-
Notifications
You must be signed in to change notification settings - Fork 31.9k
Description
System Info
transformers==v5.0.0rc3
Who can help?
Information
- The official example scripts
- My own modified scripts
Tasks
- An officially supported task in the
examplesfolder (such as GLUE/SQuAD, ...) - My own task or dataset (give details below)
Reproduction
Gemma3TextConfig has inconsistent behavior compared to other counterparts (e.g., Gemma2Config, LlamaConfig, Qwen3VLTextConfig) when handling the rope_parameters argument during initialization.

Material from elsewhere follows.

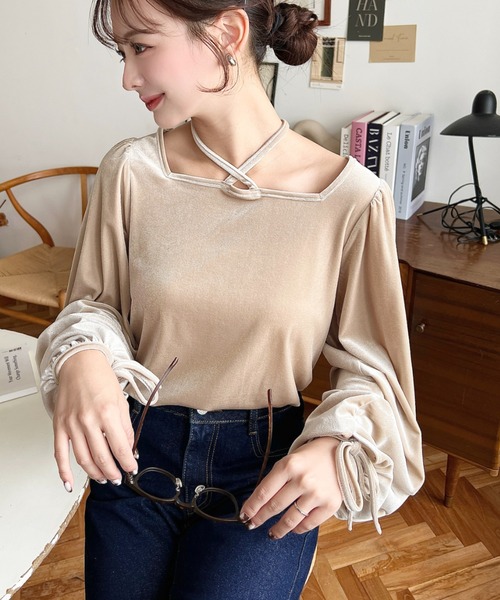 moment+(モーメントプラス)の「ボリュームスリーブスクエアホルターネックシャイニーベロアプルオーバー(Tシャツ/カットソー・レディース・ブラック/グレイッシュベージュ/チャコールグレー/ピンク/ブラウン・M/L)」の19枚目の写真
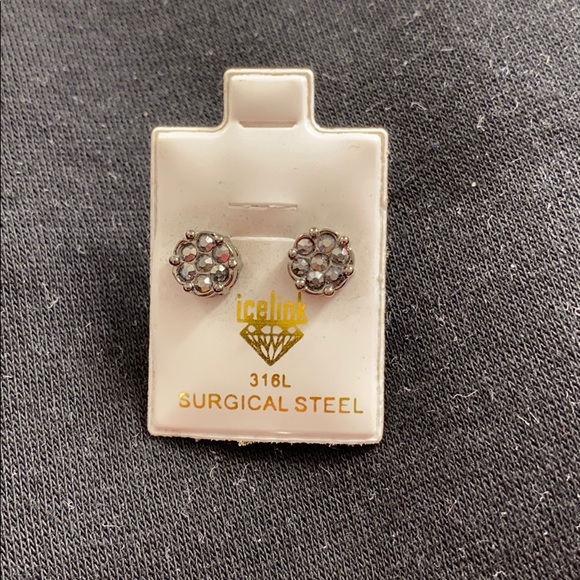 Black/Sliver earrings - Picture 1 of 2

While other configuration classes generally accept a simple dictionary for rope_parameters, Gemma3TextConfig strictly expects a nested dictionary structure with specific keys ("full_attention", "sliding_attention"). Passing a standard dictionary (e.g. {'rope_theta': 1000000.0}) raises a KeyError.
Run:
from transformers import Gemma3TextConfig
from transformers import Qwen3VLTextConfig
print("Default")
qwen3_config = Qwen3VLTextConfig()
print(f"qwen3_config.rope_parameters: {qwen3_config.rope_parameters}")
gemma3_config = Gemma3TextConfig()
print(f"gemma3_config.rope_parameters: {gemma3_config.rope_parameters}")

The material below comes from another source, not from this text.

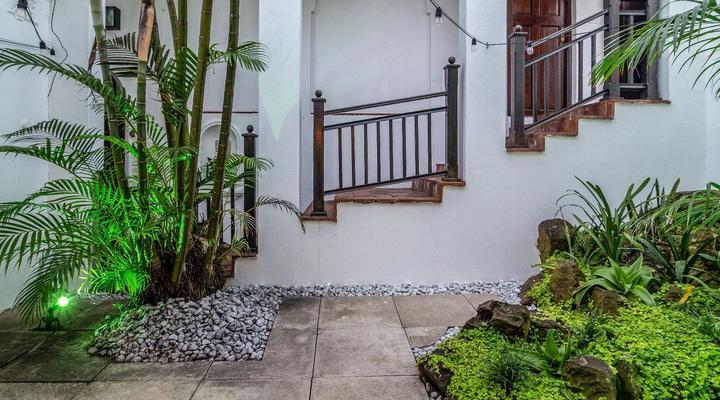 Sea Salt Big Beach House|Sheffield Beach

print("\nSet rope_theta=1000000.0")
qwen3_config = Qwen3VLTextConfig(
rope_parameters=dict(
rope_theta=1000000.0,
)
)
print(f"qwen3_config.rope_parameters: {qwen3_config.rope_parameters}")
gemma3_config = Gemma3TextConfig(
rope_parameters=dict(
rope_theta=1000000.0,
)
)
print(f"gemma3_config.rope_parameters: {gemma3_config.rope_parameters}")Output:
Default
qwen3_config.rope_parameters: {'rope_theta': 500000.0, 'rope_type': 'default'}
gemma3_config.rope_parameters: {'sliding_attention': {'rope_type': 'default', 'rope_theta': 10000.0}, 'full_attention': {'rope_type': 'default', 'rope_theta': 1000000.0}}
Set rope_theta=1000000.0
qwen3_config.rope_parameters: {'rope_theta': 1000000.0, 'rope_type': 'default'}
Traceback (most recent call last):
File "/home/tcc/transformers/rope_params.py", line 19, in <module>
gemma3_config = Gemma3TextConfig(
rope_parameters=dict(
rope_theta=1000000.0,
)
)
File "/home/tcc/transformers/src/transformers/models/gemma3/configuration_gemma3.py", line 202, in __init__
super().__init__(**kwargs)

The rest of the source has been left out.